Records for processing
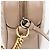 Bolso pequeño GG Marmont de piel matelassé Gucci Castaño Beige - vista 10
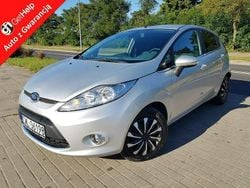 Srebrny Używany 2010 Ford Fiesta Hatchback | 11 500 zł (Uczciwa cena)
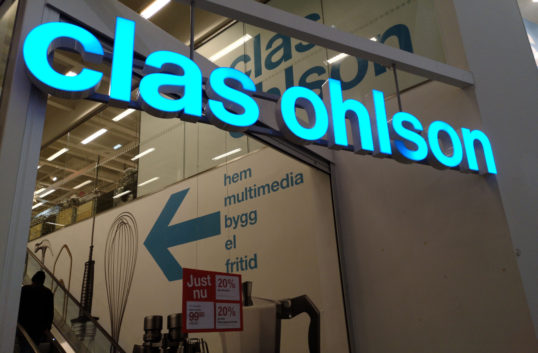 Stillastående juli för Clas Ohlson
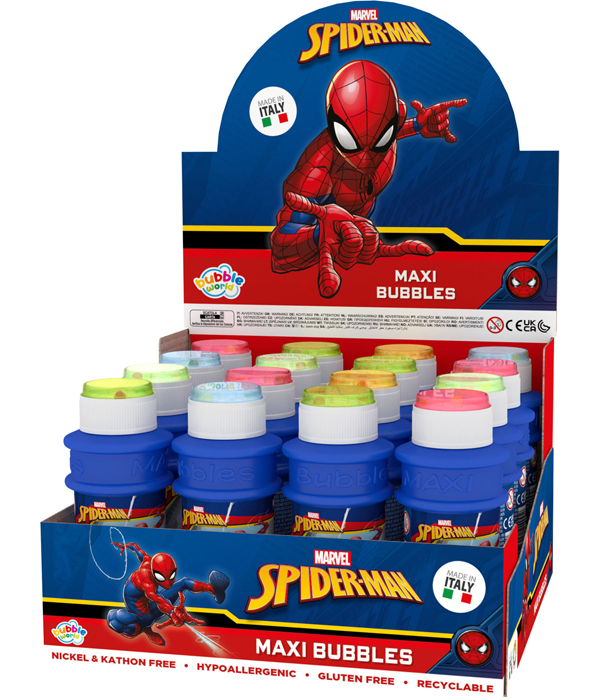 MAXI SPIDERMAN SEIFENBLASEN 175 ML 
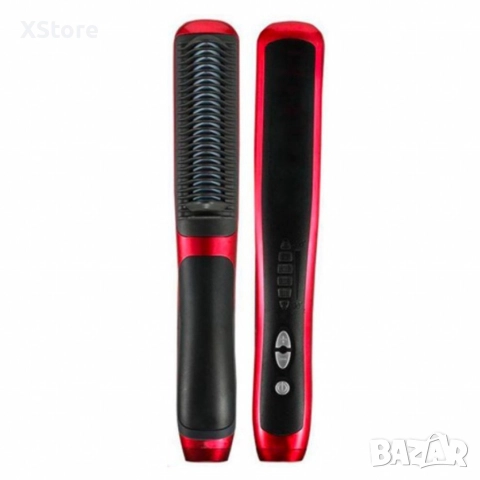 Гребен за изправяне на коса, 6 нива за регулиране на температурата TV990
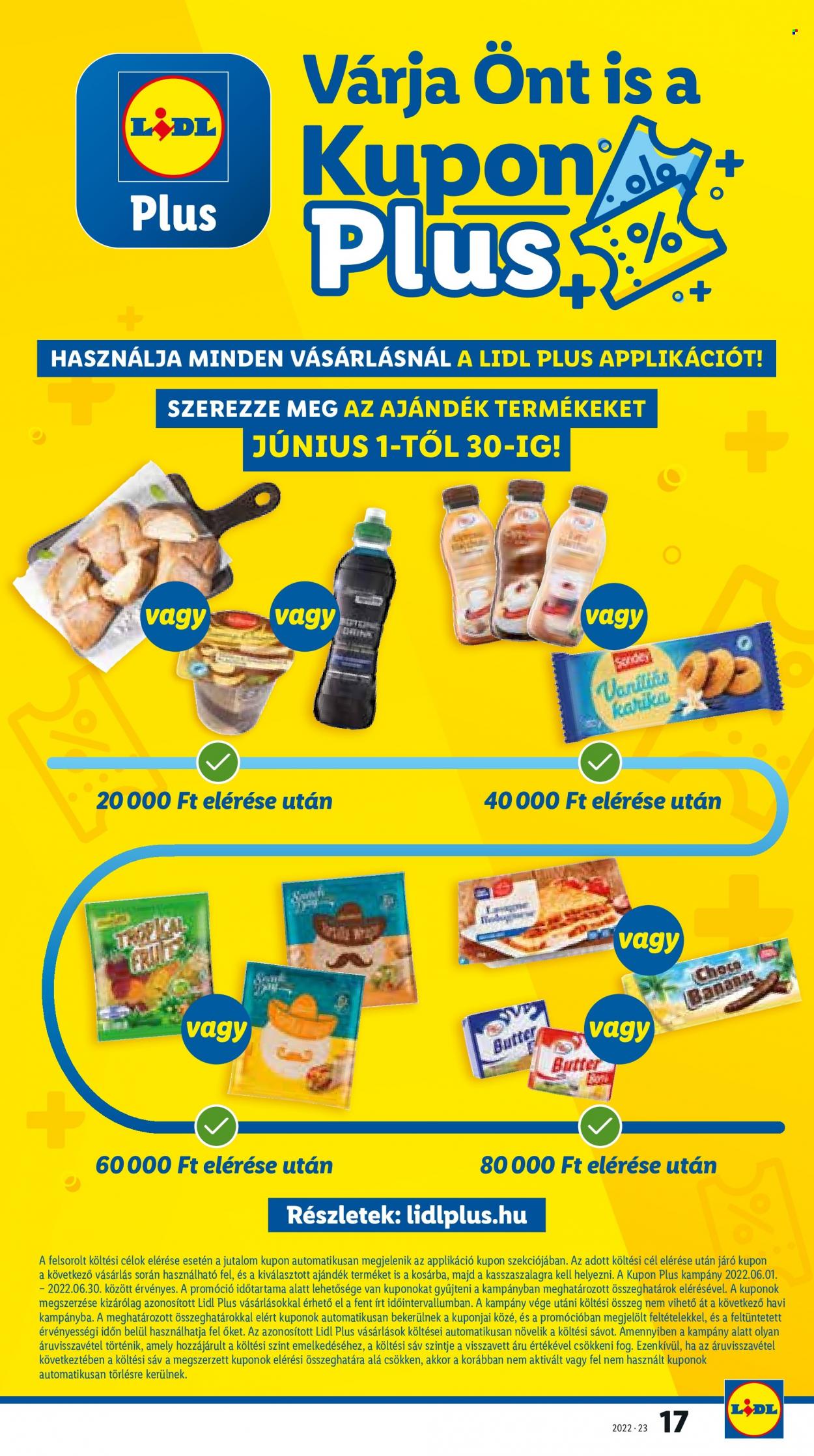 Lidl akciós újságok - 2022.06.09 - 2022.06.15. Oldal 17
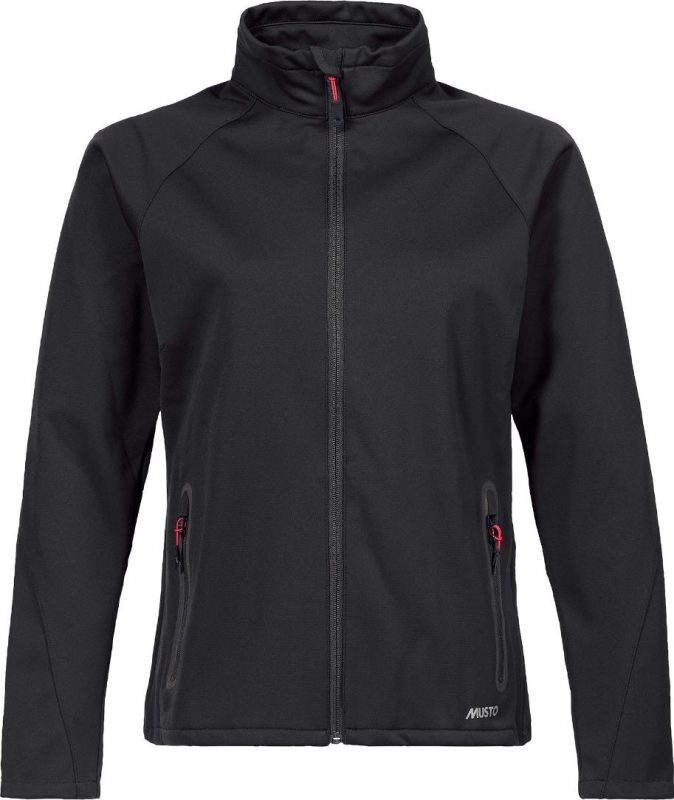 Essential Softshell Jacket - Black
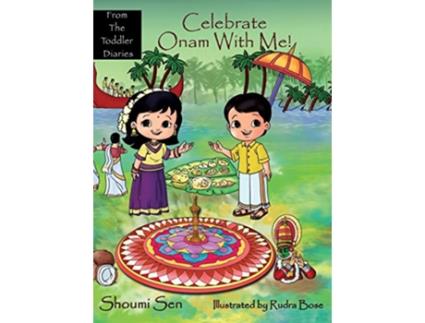 Livro Celebrate Onam With Me de Shoumi Sen (Inglês)
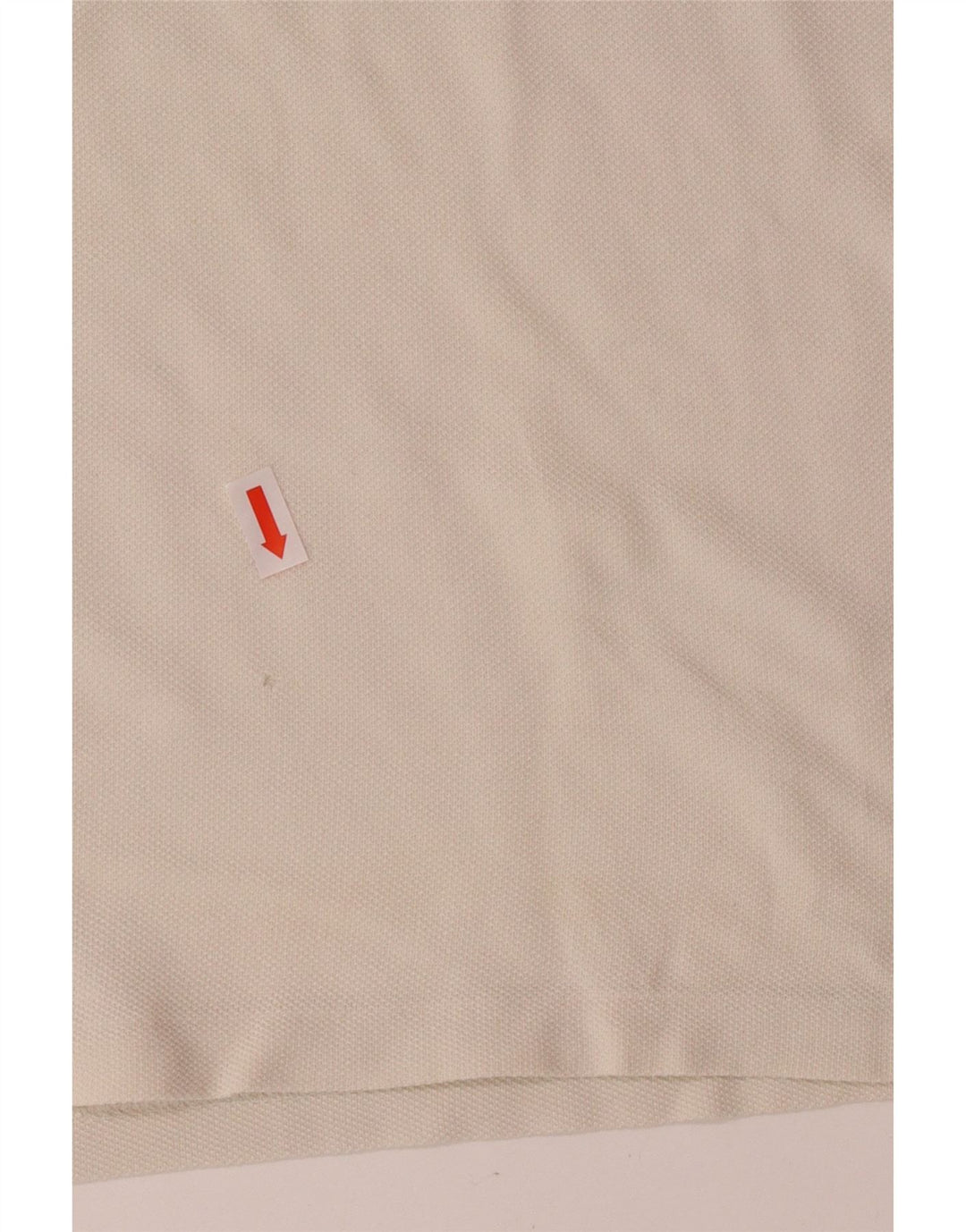 Polo Lacoste Bambino 13-14 Anni Cotone Bianco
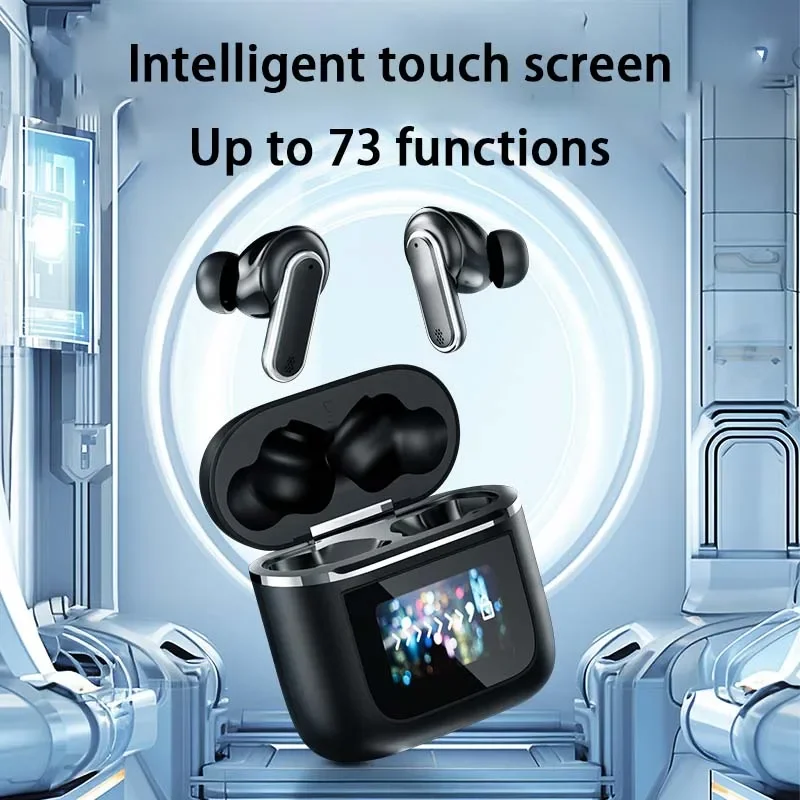 

Intelligent touchscreen YX27 earphones with ultra long battery life and noise reduction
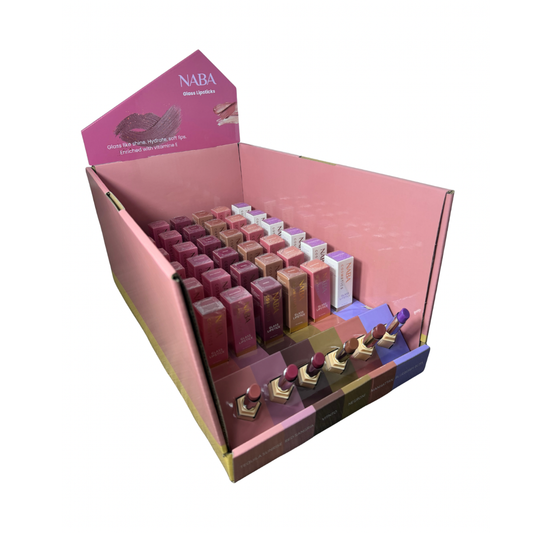 Lipstick Display – 30 Units - 6 Free Testers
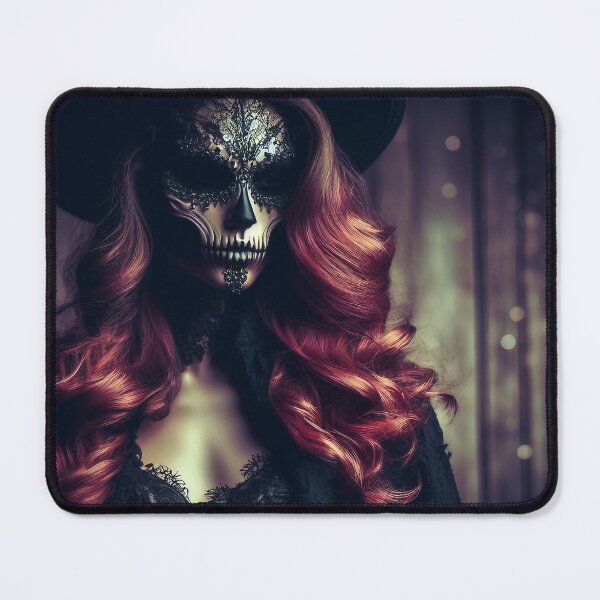 Item preview, Mistress of Death's Embrace designed and sold by AI-Agent-Zero.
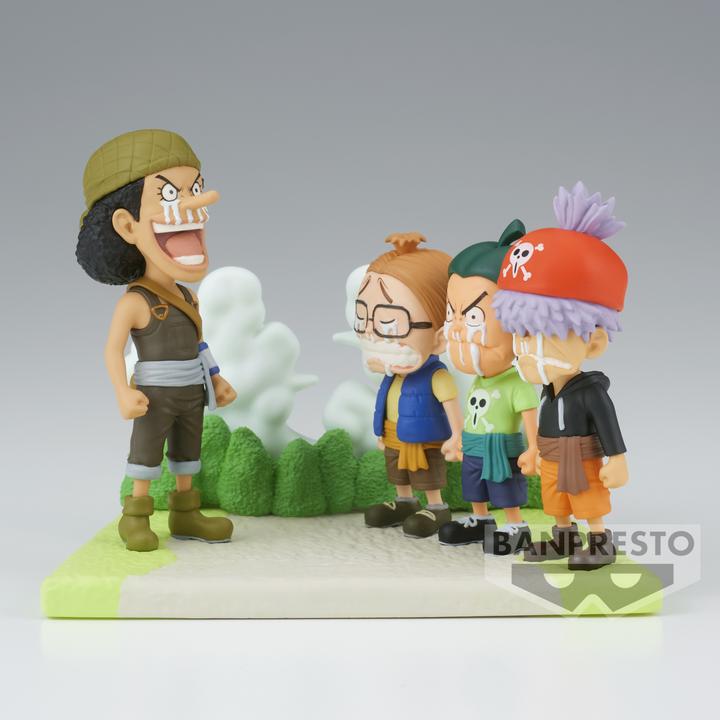 Actual product image Banpresto One Piece - Usopp WCF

Aim of the task
An exact transcription of the listing is required, and it must contain no pictures.

Task response
 Bolso pequeño GG Marmont de piel matelassé Gucci Castaño Beige - vista 10
 Srebrny Używany 2010 Ford Fiesta Hatchback | 11 500 zł (Uczciwa cena)
 Stillastående juli för Clas Ohlson
 MAXI SPIDERMAN SEIFENBLASEN 175 ML 
 Гребен за изправяне на коса, 6 нива за регулиране на температурата TV990
 Lidl akciós újságok - 2022.06.09 - 2022.06.15. Oldal 17
 Essential Softshell Jacket - Black
 Livro Celebrate Onam With Me de Shoumi Sen (Inglês)
 Polo Lacoste Bambino 13-14 Anni Cotone Bianco

Intelligent touchscreen YX27 earphones with ultra long battery life and noise reduction
 Lipstick Display – 30 Units - 6 Free Testers
 Item preview, Mistress of Death's Embrace designed and sold by AI-Agent-Zero.
 Actual product image Banpresto One Piece - Usopp WCF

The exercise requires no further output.